Quando essa máquina de promover encontros casuais (BOURRIAUD)
adquire forma, ou se estabelece como formação, são recursos plásticos, relacionais,
ferramentas livres e o ativismo político que entram em cena. Postadas chamadas
nas listas de discussão dos grupos ativistas da cidade, surgem os colaboradores, os
contatos com as entidades de bairro, definição da rota, a produção da “máquina
ciborgue” ( central eletrônica móvel de captação e transmissão de informações).
A charrete, incorporada à proposta, é o veículo que dá acesso aos bairros
periféricos mas é também objeto plástico e crítico. O veículo de tração animal,
chamado também de carroça - sinônimo de atraso, pobreza e de lentidão na cidade
dos automóveis - no projeto artístico é determinante para construção dos sentidos.
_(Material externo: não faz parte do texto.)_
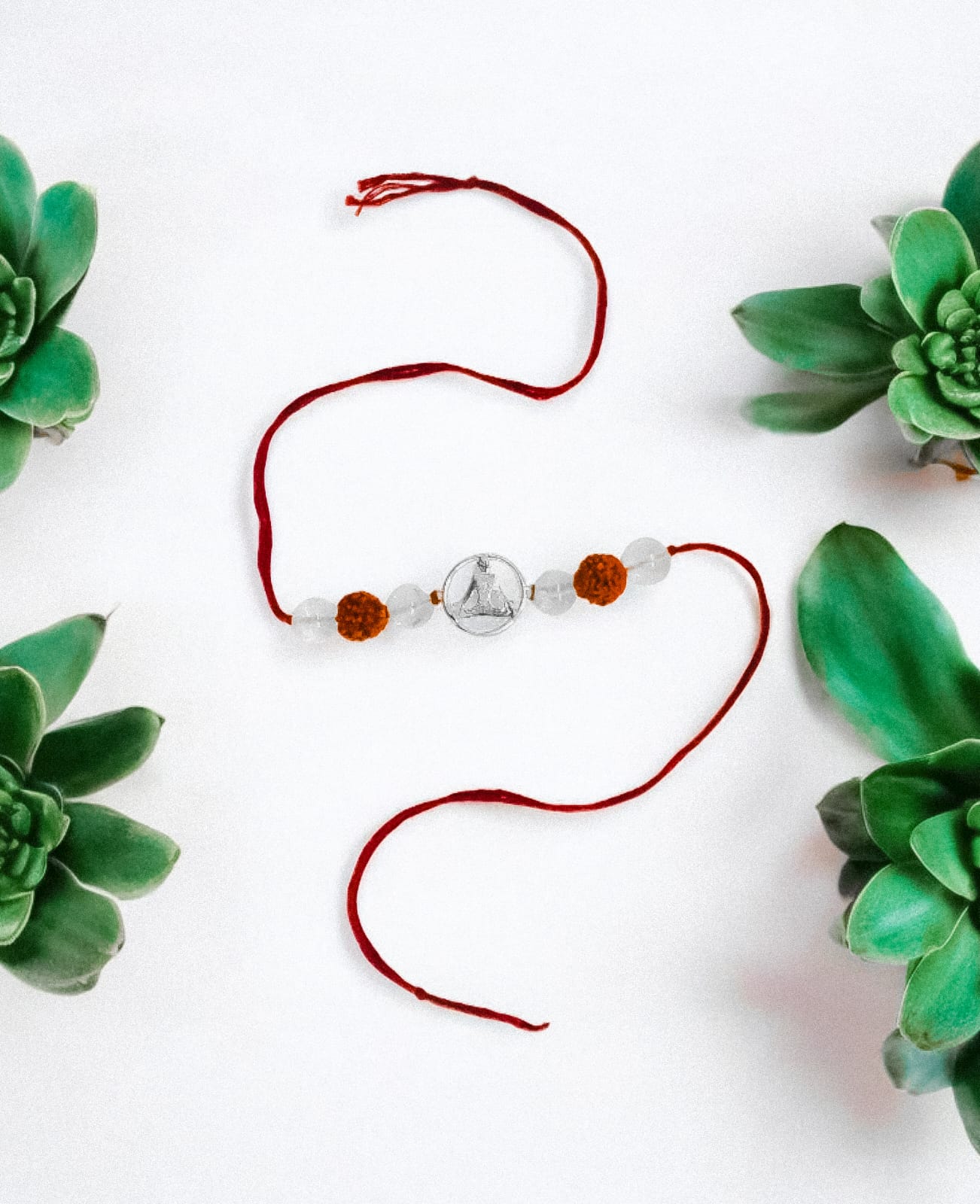 Handmade Sustainable Healing Beads Rakhi | Clear Quartz & Rudraksh | Meditation Charm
Cavalo e carroça são enfeitados; uma bandeira é afixada na parte de trás da
charrete e faz seu voo como um parangolé dançando ao ritmo do andar do animal.
Vários objetos vão sendo incorporados resultando num conjunto colorido e festivo.
A adoção desta estratégia determina o nome da proposição artística, um neologismo
que mistura os sons próximos de charrete e internet, e que traz a essência das
ambigüidades que permearão todo o trabalho.
Da estação ferroviária no Custódio [vídeo 1] partimos para filar um café na
ONG Ação Moradia e passamos pelo Dom Almir até a área disputada entre corpos
vivos e mortos no Bela-vista, parece poesia, mas é triste realidade. Atravessando a
rua está o CEASA, onde em frente negociamos com a mulher das facas imagens,
memórias e músicas da Carmem Silva, e dentro trocamos almoço por propaganda
do Megabox (feeding-back virtual: vindo a saber posteriormente que o escambo
estimulou o filho do dono a estudar informática por puro fascínio, atualizamos que a
propaganda só aqui existe, já que de barriga cheia esquecemos de tirar a foto).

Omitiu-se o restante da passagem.